# Take home for a €400 daily rate



## SirMille (17 Sep 2008)

Hi guys,

Apologies if this isn't posted in the right place.

I've always been a permanent employee until being made redundant recently.

I now have a deeper understanding and appreciation of dole money, as I have a family and a mortgage to support.

A company has asked me if I'd be interested in a six month contract, paying 400 per day. 

My questions are this
1/ Is there a calculator on the web, where I can type in this detail and a few others to give an indication of my monthly net income
2/ Would it be more beneficial to take the less well paid permanent role (with the caveat that the role will end in six months), so when the job ends in six months I can claim dole again? Is this morally okay/legally?

Thanks everyone


----------



## bacchus (17 Sep 2008)

There is a tax calculator


----------



## davidoco (17 Sep 2008)

very rough idea for you would be your last payslip.

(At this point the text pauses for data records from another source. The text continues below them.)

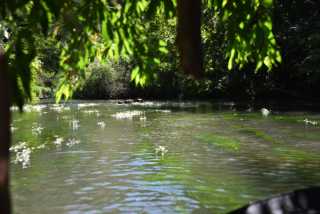 DSC_0524.JPG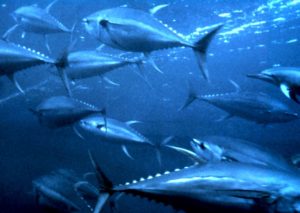 Yellowfin tuna under the sea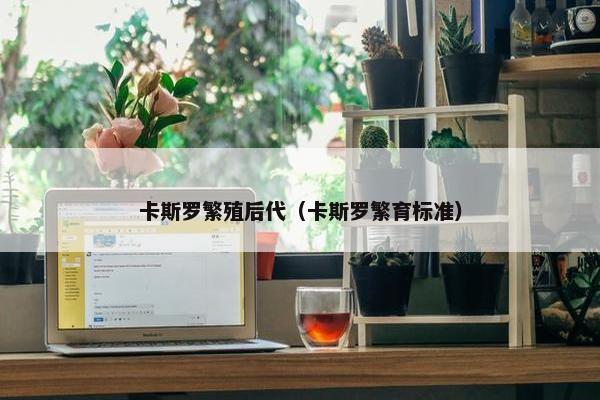 卡斯罗繁殖后代（卡斯罗繁育标准）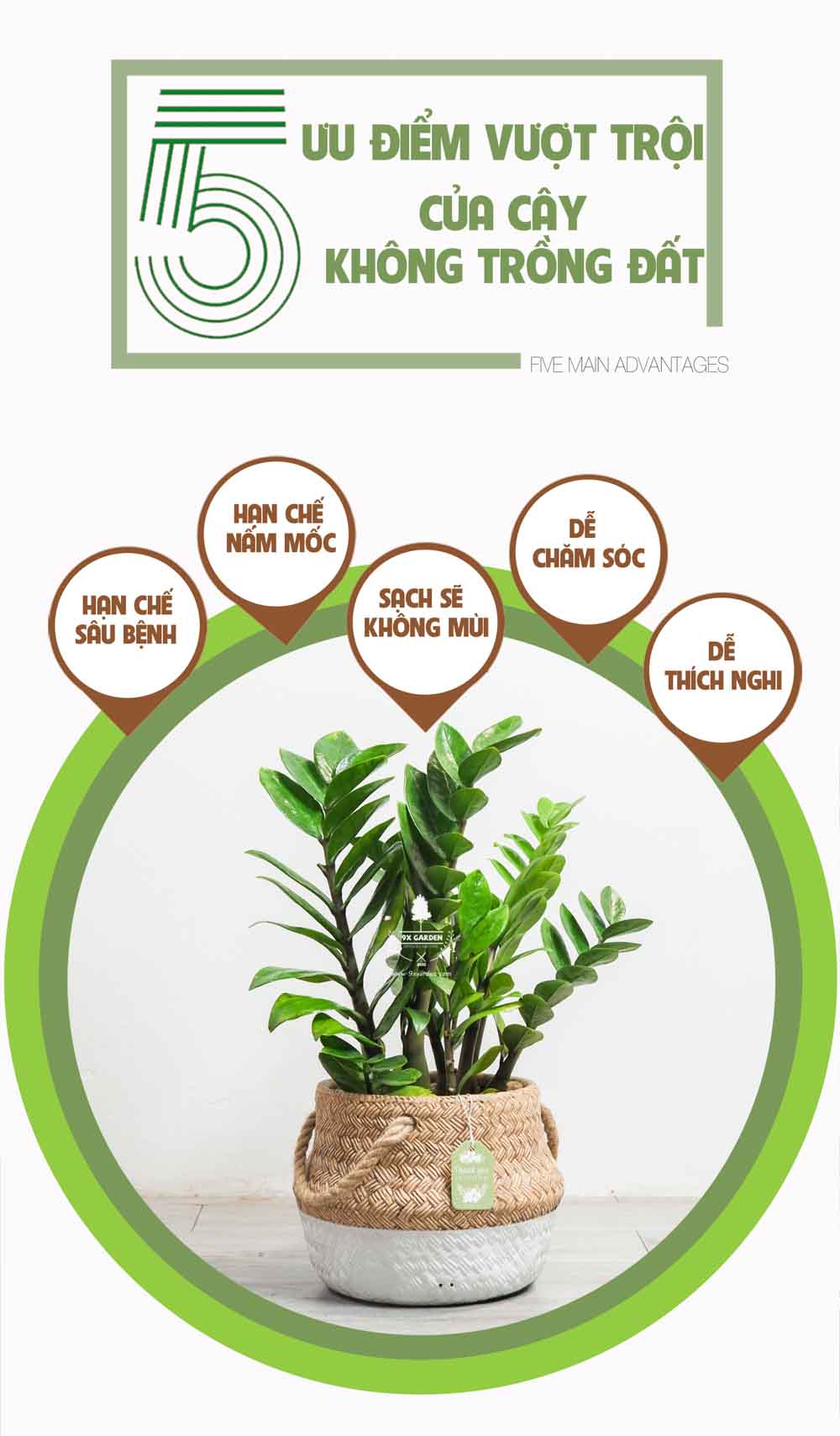 Kim Tiền - Cây Trồng Không Cần Đất - 9X GARDEN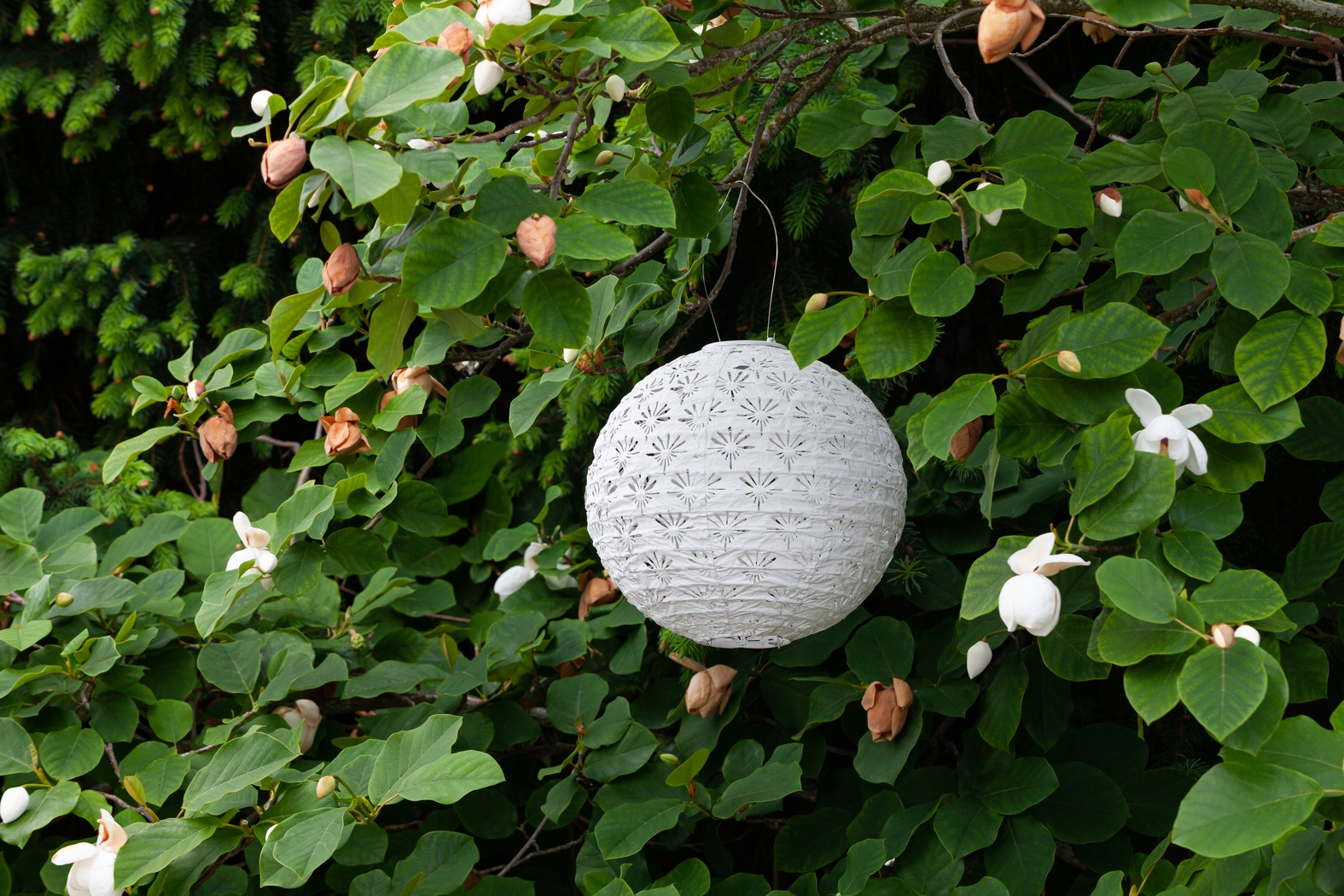 Eger Club Outdoor White Solar Lantern - Thumbnail - Image 7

find the weekly or monthly cut off point
find the week or monthly tax credit

400 x 20 days = gross
tax would be 
Monthly cut off point x 20%
gross - monthly cut off point x 41%
less credit

example

400 x 20 = 8000

tax 
2710 x 20% = 542 
8000 - 2710 = 5290 x 41% = 2168 

Gross Tax 2710 - credit 500 = 2210 total tax

therefore 8000 - 2210 = 5790

Of course all of the above calculations are out the window depending on how long you are unemployed, how much you earned before unemployment this year etc. 

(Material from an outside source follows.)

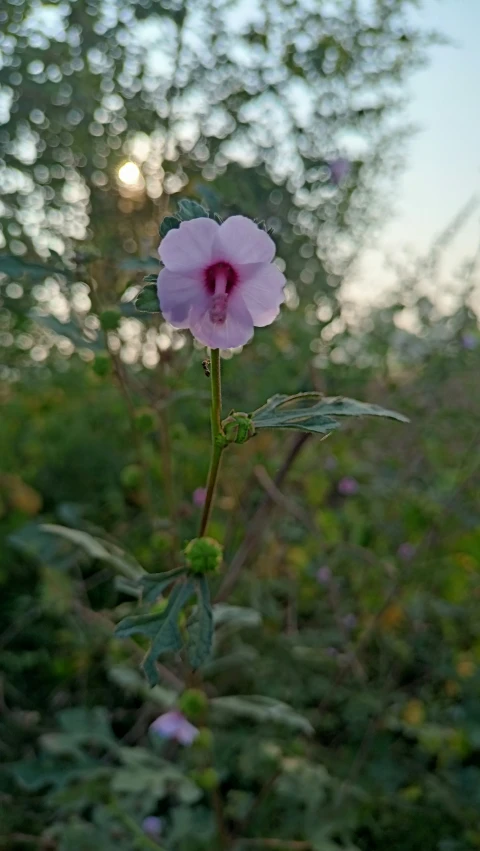 this flower has a pink center and is growing in a field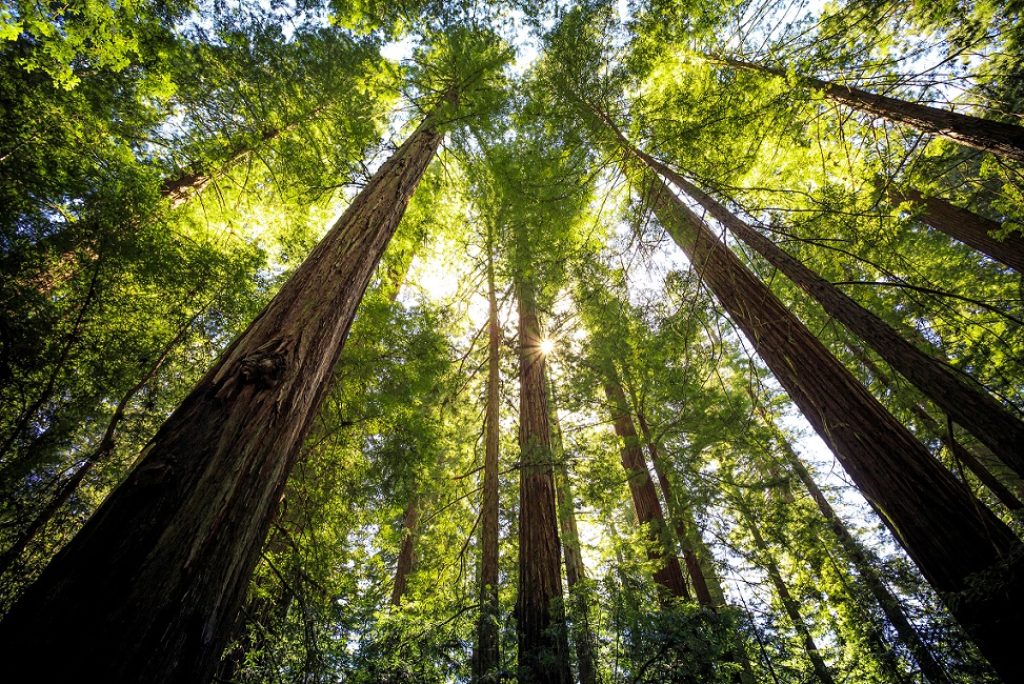 Are There Giant Redwoods in Big Sur?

PRSI as self employed paid yearly so you'll have to look that up.

For the couple of hundred it would be well worth your while getting an accountant on board.


----------



## BetterBiz (17 Sep 2008)

When I used to contract I used to go on the rule of thumb of 18.5 billable days per month. This takes into account bank hols, sick leave, holidays etc.

So 18.5 x 400 = 7400

7400 x 12 = €88800

If you need a LTD company then I would allow say €2000 for accounting costs.

Giving you approx €86k per year.

If you then use the tax calc here:

http://www.taxcalc.eu/

You will be able to calculate approx take home. I'm not sure your marital status etc but if you are single this would equate to approx:

Monthly take home pay. (Single)
Selected Tax year is 2008
Gross Take Home Pay     = € 7166.6665
Tax                     = € 2013.8334
Take Home Pay after Tax = € 5152.8335
Less PRSI               = € 299.3557
*Net take home pay per month       = € 4853.4775*


----------



## SirMille (17 Sep 2008)

bacchus said:


> There is a tax calculator



It looks like that calculator is for full time permies.

Is there a calculator where I can type in "€400 per day"
and it'll tell me what my net monthly income will be?


----------



## SirMille (17 Sep 2008)

Thanks BetterBiz AND Davidoco

can I increase that by claiming expenses too?

Cheers


----------



## nai (17 Sep 2008)

SA_Acc said:


> Sir Mille drop me a line and we can discuss expenses and contract work. Do contract work myself so know a lot of the pitfalls and good points...


 
why not discuss it on the forum like everyone else ? funny a 1 post person requesting someone about to setup in contracting to request private contact - are you involved in any umbrella/ setups/accountancy type business ?

OP - as a rule of thumb on that type of rate you should expect to retain approx 75 - 80% of your gross depending on what type of expenses you have. Much better off than on the dole. What type of industry do you work in ? I've found (being an IT contractor) that contracts tend to find me when I become available (due to number of other contractors I've worked with and all contractors look out for each other spreading word about availability/ open rols etc.) so it would be easier to find work from a contrct rather than from unemployment.


----------



## gipimann (18 Sep 2008)

You may wish to check what impact paying PRSI at Class S (self-employed) may have on future SW claims - Class S contributions are not reckonable for Jobseeker's Benefit so you could find that in the future you hadn't enough reckonable contributions to qualify.   You would then have to apply for Jobseeker's Allowance, which is means-tested.


----------



## nai (18 Sep 2008)

SA_Acc said:


> NAI not involved in umbrella/setups/umbrella at all.... if you must know I have my own I.T company.....
> 
> I have a good accountant who has advised me very well on my tax etc.
> 
> Happy now NAI????????



shall we put down your bad manners and über-defensive attitude to the fact that you're new to aam? I merely pointed out that most people give answers on the forum as opposed to privately (given that the query is posted publiclY. This allows all users the benefit of your experiences. 

You will find that most posts like yours will be questioned by someone given the amount of advertising etc that some people try to do.  

Ps thanks for clarification


----------



## Mark_Mc (18 Sep 2008)

Don't need to limit yourself to an accountant. You can use a qualified tax advisor also.

Some, particularly those starting out in independent practice can be quite reasonable.



davidoco said:


> very rough idea for you would be your last payslip.
> 
> find the weekly or monthly cut off point
> find the week or monthly tax credit
> ...


----------



## Complainer (18 Sep 2008)

You need to confirm if the company are proposing to treat you as a PAYE employee or an independent contractor. If they are proposing to treat you as a contractor, there is that Revenue might just deem you to be an employee anyway.


----------